Wear a vest or a jacket on the outside of the waders, put on your hat or cap. Put the last few items into the car and lock it. Grab the rod and you are now ready to approach the water.
Walk the walk
And by the way: if the trip to the water goes through a wood, brushes or similar obstacles, don't be tempted to carry the rod with the tip pointing backwards. While this will work fine in an open field and may save your rod from breaking if you fall, it will only have one result in connection with bushes and small trees: your line and rod will get caught, and in mysterious ways get tangled into twigs, thorns and leaves in a way and a height that will have you fumbling in the most shameful manner for several minutes while your buddies reach the water and occupy the best spots.

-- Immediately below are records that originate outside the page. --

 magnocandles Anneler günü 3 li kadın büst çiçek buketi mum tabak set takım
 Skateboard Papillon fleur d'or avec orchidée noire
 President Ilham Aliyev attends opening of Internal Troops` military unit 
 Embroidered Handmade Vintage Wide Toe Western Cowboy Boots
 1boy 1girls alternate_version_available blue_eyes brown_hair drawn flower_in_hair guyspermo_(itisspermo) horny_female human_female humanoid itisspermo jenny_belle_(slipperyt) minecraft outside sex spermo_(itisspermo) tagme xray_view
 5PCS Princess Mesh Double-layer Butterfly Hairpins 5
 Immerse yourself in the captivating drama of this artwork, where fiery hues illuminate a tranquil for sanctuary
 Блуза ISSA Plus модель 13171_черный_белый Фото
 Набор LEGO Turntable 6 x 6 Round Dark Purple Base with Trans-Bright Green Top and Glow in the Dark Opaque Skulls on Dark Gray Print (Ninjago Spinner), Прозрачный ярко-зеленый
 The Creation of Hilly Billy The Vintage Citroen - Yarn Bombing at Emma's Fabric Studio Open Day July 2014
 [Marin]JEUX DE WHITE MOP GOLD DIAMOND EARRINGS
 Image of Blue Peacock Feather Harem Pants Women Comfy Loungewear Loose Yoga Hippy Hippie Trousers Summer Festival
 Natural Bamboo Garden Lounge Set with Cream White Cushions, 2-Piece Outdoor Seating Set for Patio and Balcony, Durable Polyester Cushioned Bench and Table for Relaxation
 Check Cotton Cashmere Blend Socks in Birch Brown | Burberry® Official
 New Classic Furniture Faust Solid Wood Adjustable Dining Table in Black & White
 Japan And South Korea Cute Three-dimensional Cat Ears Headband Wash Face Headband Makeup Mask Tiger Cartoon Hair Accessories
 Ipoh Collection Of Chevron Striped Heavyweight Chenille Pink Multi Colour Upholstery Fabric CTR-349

Pointing the rod forwards will enable you to guide it safely between branches and bushes and have you come out on the other side quickly and safely.
Before the first cast
Once you are in the water, the way to get your fly out is greatly helped by the way it was set before you left for the water.
Leave the fly in the guide. Keep the rod tip down. Lift the leader off the reel, so that a bit of fly line and the leader now hangs into the water. And here's the trick: firmly tap the rod with your hand over the first stripping guide. This will wiggle the rod, and very likely disengage the fly, neatly dropping it into the water. Strip a few feet of line off the reel, lift the rod and make a couple of sideways "casts", working out line. As soon as you have a few feet of fly line out, you leave that on the water, and strip off a suitable length of fly line. Do this rapidly and swiftly, letting the reel's ratchet tell everybody around you that you intend to cast most of the line out in your first cast. You won't of course, but the noise and brisk stripping will make other anglers think so.
Make a roll cast to stretch the line if you are in the salt or in stillwater, and start casting.
Now, fishing follows, but we won't cover that here. We may return to the art of looking like you know what you are doing when fishing, but unfortunately such appalling things as casting and catching fish have a great influence there. If you can't cast worth anything and never catch a fish, some people actually have the nerve to think that you don't know what you're doing!
Moving to a new spot
So your next important point on the agenda is reversing the process: breaking down the gear, getting out of the garments and getting ready to leave.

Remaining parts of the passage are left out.